Progress K-Means Module

mod_kmeans.py

mod_kmeans.py provides functionality for k-means clustering of solar generation data. It contains the KMeans_Pipeline class, which:

  • Preprocesses the solar and clear-sky irradiance data.

  • Allows evaluation of different cluster sizes using metrics like SSE and silhouette scores.

  • Performs cluster probability calculations to facilitate random day selection in the MCS.

KMeans_Pipeline Package

This package provides the KMeans_Pipeline class to perform KMeans clustering on solar generation data. The package includes functionality for preprocessing, data transformation, clustering, and evaluation.

Class:

KMeans_Pipeline: A pipeline class for running KMeans clustering on solar generation data.

progress.mod_kmeans.directory

Path to the directory containing the solar data files.

Type:

str

progress.mod_kmeans.site_data

Path to the CSV file containing site information.

Type:

str

Example Usage:

This example demonstrates how to use the KMeans_Pipeline class to perform KMeans clustering on solar generation data. It performs the following steps: 1. Initializes the pipeline with the solar_data.xlsx file and a list of selected sites. 2. Calculates the cluster probabilities using the calculate_cluster_probability method. 3. Splits and clusters the data based on the generated labels using the split_and_cluster_data method. 4. Outputs metrics of the clustering to a text file using the test_metrics method.

Note: Ensure the data file solar_data.xlsx exists in the same directory as the script, or provide an absolute path to it.

if __name__ == "__main__":

    # Define the list of selected sites for analysis
    directory = r'/Users/abera/Documents/My_Projects/QuESt_Reliability/QuESt_Reliability_App/Data/Solar'
    site_data = directory + '/solar_sites.csv'

    # Initialize the KMeans_Pipeline class
    pipeline = KMeans_Pipeline(directory, site_data)

    # Generate and save the clustering metrics to a text file
    pipeline.test_metrics(clust_eval = 4)

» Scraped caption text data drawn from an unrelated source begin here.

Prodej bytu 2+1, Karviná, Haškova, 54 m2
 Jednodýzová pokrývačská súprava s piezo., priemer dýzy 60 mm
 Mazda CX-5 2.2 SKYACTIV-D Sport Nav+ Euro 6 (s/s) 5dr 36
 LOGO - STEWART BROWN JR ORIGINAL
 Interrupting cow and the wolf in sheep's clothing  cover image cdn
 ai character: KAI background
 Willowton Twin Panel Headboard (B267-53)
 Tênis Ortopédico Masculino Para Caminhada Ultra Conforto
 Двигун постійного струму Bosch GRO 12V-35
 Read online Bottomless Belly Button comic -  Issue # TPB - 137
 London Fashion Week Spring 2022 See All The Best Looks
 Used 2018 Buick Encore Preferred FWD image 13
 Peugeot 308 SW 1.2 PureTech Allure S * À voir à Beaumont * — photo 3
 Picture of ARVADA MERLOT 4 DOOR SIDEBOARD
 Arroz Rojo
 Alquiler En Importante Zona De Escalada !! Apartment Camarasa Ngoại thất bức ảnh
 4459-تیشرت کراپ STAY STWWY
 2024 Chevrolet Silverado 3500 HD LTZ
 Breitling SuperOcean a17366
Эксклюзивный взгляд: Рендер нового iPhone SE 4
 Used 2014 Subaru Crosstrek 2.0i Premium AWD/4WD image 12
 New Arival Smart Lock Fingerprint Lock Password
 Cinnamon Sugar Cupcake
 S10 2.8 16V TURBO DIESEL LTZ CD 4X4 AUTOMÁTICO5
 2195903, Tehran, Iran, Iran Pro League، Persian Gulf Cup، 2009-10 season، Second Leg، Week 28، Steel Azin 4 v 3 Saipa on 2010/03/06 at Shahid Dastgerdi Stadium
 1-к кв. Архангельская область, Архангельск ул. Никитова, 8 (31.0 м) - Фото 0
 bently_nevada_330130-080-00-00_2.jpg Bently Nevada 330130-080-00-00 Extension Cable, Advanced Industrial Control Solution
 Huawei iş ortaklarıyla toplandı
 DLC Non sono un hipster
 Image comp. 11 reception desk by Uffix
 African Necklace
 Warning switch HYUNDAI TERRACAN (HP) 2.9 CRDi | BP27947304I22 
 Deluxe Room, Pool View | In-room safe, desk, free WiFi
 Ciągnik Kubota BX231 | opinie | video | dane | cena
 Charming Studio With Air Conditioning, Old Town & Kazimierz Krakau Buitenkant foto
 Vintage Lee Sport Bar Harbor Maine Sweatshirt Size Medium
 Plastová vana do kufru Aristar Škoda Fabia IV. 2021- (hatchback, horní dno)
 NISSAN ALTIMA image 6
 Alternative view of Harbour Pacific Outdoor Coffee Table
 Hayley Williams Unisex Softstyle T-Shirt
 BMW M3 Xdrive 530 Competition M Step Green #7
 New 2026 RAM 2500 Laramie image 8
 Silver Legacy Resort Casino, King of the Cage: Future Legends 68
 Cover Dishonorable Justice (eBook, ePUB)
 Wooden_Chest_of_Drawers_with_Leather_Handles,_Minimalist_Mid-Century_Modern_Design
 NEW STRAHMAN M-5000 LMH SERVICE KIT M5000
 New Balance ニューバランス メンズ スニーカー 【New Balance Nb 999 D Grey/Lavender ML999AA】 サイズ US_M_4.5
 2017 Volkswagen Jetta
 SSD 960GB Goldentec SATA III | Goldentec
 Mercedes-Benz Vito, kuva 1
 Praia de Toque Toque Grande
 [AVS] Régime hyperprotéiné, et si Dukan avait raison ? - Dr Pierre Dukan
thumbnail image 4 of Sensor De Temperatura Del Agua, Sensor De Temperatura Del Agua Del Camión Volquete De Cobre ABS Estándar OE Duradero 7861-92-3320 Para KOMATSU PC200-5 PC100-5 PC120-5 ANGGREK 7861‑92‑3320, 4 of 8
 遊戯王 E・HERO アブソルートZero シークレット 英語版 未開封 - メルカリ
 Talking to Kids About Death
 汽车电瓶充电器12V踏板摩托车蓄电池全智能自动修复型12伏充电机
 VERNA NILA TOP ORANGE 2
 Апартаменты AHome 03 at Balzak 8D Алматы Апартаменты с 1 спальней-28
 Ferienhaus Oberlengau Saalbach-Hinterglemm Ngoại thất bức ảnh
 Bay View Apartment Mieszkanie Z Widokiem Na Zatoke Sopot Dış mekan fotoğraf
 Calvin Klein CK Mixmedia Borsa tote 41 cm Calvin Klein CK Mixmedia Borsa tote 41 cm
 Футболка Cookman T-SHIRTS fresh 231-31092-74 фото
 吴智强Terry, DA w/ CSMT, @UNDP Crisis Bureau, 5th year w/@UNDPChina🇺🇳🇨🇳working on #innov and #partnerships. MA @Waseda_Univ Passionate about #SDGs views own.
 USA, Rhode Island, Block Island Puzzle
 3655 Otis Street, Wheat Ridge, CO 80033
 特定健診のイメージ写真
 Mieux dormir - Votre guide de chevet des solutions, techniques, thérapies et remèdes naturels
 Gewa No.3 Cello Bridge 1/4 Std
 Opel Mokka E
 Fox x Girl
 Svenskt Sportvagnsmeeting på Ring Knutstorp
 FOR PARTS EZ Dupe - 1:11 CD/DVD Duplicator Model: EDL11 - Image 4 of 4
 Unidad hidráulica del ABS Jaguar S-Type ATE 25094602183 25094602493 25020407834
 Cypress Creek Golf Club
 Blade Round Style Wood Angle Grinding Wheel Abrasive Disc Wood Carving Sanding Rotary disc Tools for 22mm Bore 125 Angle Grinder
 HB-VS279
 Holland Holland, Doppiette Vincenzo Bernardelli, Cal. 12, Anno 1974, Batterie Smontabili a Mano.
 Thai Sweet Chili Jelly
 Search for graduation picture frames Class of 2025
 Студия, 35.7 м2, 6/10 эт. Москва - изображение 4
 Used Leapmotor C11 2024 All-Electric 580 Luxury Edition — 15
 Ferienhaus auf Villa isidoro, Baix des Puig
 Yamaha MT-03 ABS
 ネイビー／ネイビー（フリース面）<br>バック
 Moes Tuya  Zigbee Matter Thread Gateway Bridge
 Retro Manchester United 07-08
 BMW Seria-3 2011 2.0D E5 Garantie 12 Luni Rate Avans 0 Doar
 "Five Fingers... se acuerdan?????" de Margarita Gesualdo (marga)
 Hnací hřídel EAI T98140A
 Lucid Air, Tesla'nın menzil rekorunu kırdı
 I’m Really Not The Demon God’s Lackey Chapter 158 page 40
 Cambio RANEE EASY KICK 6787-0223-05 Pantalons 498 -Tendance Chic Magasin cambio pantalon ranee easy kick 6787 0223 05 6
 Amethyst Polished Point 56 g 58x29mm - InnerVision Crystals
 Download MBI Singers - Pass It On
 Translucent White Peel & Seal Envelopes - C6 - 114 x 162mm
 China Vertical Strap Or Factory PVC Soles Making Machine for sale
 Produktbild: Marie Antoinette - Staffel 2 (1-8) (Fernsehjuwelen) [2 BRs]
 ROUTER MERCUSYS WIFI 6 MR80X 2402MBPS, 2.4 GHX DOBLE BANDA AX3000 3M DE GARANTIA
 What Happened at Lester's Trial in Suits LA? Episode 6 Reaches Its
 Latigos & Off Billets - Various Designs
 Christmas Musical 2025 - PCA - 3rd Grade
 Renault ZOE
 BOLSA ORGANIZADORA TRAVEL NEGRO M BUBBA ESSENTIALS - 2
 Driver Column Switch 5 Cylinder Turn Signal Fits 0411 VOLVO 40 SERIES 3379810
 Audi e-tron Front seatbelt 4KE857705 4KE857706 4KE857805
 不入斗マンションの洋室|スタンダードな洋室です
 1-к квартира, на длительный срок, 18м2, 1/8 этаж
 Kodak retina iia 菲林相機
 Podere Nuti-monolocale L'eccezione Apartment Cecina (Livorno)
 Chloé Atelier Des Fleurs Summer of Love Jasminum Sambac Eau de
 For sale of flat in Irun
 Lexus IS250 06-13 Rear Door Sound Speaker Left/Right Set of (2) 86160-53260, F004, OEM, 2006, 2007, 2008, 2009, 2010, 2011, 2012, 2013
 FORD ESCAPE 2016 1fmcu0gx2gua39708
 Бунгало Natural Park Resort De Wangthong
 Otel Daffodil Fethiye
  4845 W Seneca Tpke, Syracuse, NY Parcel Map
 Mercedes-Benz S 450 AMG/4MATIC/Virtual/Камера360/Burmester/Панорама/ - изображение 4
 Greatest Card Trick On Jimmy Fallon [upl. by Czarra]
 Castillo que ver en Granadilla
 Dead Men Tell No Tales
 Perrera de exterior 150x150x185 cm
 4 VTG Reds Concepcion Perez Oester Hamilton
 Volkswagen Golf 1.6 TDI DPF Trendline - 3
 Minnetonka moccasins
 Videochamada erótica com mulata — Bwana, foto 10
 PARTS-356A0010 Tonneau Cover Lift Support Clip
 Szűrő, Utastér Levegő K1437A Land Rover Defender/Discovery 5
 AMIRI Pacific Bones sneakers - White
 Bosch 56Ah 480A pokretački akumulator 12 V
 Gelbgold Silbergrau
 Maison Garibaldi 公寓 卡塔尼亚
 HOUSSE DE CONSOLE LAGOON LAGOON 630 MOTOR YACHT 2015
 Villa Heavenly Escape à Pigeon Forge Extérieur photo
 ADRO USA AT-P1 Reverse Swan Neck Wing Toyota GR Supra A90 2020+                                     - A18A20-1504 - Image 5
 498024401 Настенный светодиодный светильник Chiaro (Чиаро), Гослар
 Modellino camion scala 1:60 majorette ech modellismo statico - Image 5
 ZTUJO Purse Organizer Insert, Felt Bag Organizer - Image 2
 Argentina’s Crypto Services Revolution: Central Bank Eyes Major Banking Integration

    # Uncomment the following lines to run additional steps
    # pipeline.run(n_clusters = 5)
    # pipeline.calculate_cluster_probability()
    # pipeline.split_and_cluster_data()
class progress.mod_kmeans.KMeans_Pipeline(directory, site_data, **kwargs)

Bases: object

A pipeline class for running KMeans clustering on solar generation data. It performs preprocessing, data transformation, and finally clusters the data.

excel_file_path

Path to the Excel file containing the Solar Generation, Site Information, and CSI data.

Type:

str

solar_gen_df

DataFrame containing Solar Generation data.

Type:

pd.DataFrame

site_info_df

DataFrame containing Site Information.

Type:

pd.DataFrame

csi_df

DataFrame containing Clear Sky Index (CSI) data.

Type:

pd.DataFrame

selected_sites

List of site names to be included in the analysis.

Type:

list

first_light

DataFrame containing first light timings.

Type:

pd.DataFrame

last_light

DataFrame containing last light timings.

Type:

pd.DataFrame

sg_mean_am

AM Solar generation mean values.

Type:

pd.DataFrame

sg_mean_pm

PM Solar generation mean values.

Type:

pd.DataFrame

csi_sd_am

AM Cloud Sky Irradiance standard deviation values.

Type:

pd.DataFrame

csi_sd_pm

PM Cloud Sky Irradiance standard deviation values.

Type:

pd.DataFrame

kmeans_df

DataFrame prepared for KMeans clustering.

Type:

pd.DataFrame

predicted_labels

Cluster labels for each data point.

Type:

array

silhouette

Silhouette score of the clustering.

Type:

float

calculate_cluster_probability()

Calculates the monthly probabilities for each cluster label.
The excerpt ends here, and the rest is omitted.